O teu cheiro traz-te toda de encontro a mim enquanto passeio sozinho na cidade - não é exactamente um cheiro o que te anuncia dentro de mim. É esse olhar com os olhos imersos no meio de uma luz que nos embala, esse caminhar com os pés numa almofada de terra molhada e tenra.
Esse desejar-te com o fundo do estômago e parar no meio do caminho para relembrar um pormenor mais lancinante do teu ventre, desse movimento em que renuncias para te sublimares.
Trago na camisola a forma do teu corpo ou é ela que imagino porque ainda traz o cheiro da tua pele depois de a teres vestido.
Ficar a ouvir música contigo e deixar que as palavras nos toquem aos dois no mesmo momento - a sintonia de algo nosso se começar a gravar no significado daquelas frases para passar a ser algo de totalmente diferente do que se ouve a tocar.
O teu cheiro também é essa maresia que se desprende das rochas enquanto bebemos vinho presos no labirinto do desejo e nessa atenção febril que antecipa a chegada desse diálogo que se trava com os corpos para se conquistar com os silêncios.
Ouvir-te falar sobre um livro, sobre alguém da tua família que te marcou como a mim - vestida com a minha camisola pareces uma adolescente que faz do improviso a melhor forma de provocação.
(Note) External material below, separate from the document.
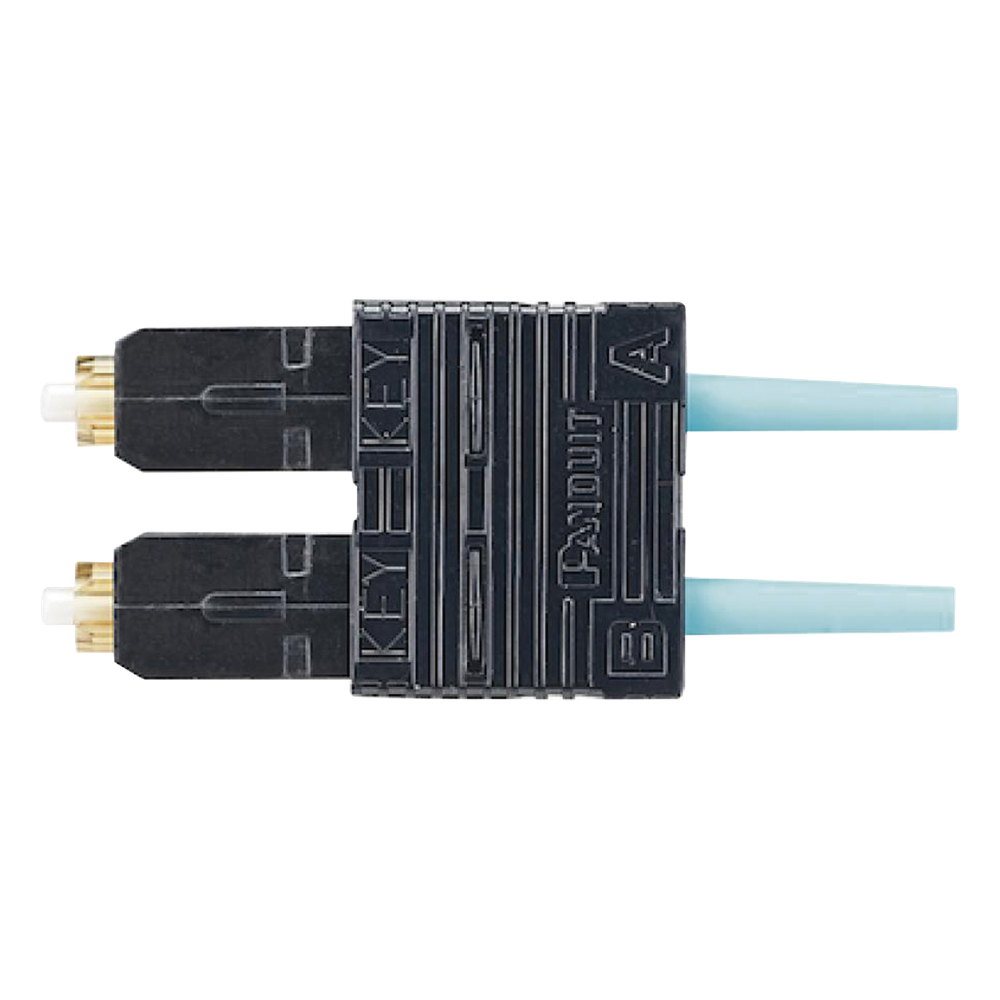 Conector de Fibra Óptica SC Duplex OptiCam, Multimodo 50/125 OM3/OM4, Pre-pulido, Color Aqua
As coisas que vi contigo são o cheiro da tua memória - a memória tem o cheiro do que as coisas ainda significam para nós. E podemos reencontrar alguém porque, por cima das letras, das valsas e músicas do mundo, se escreveu alguma coisa de que apenas duas pessoas são os intérpretes e sabedores.
Trocamos essa ampliação da confiança que é o silêncio - talvez que apenas nele se possa verdadeiramente escutar o coração. O silêncio envolveu-nos para nos revelar. E na nudez dessa entrega as possibilidades foram infinitas - porque o horizonte era a luz que trazias no leito do olhar nessas noites em que adormecias cansada de falar, de poder esticar sobre o silêncio as dúvidas cansadas, gastas e sombrias.
Tinhas graça, com essa camisola e esse corpo desenhado com um contorno mais nítido contra a luz.
Encontro-te nas palmas das minhas mãos e no suor do meu corpo. Ainda transpiro o teu eco na minha pele, ainda tragos os nós dos dedos atados na forma exacta dessa tua mão comprida e macia.
Do teu cheiro fica-me um painel feito da espuma de tudo isso que foi tão intenso como uma matilha de ondas que arfa contra as rochas.
O cheiro, afinal de contas, são os outros olhos que nos ficam quando deixamos de ver o mundo sozinhos.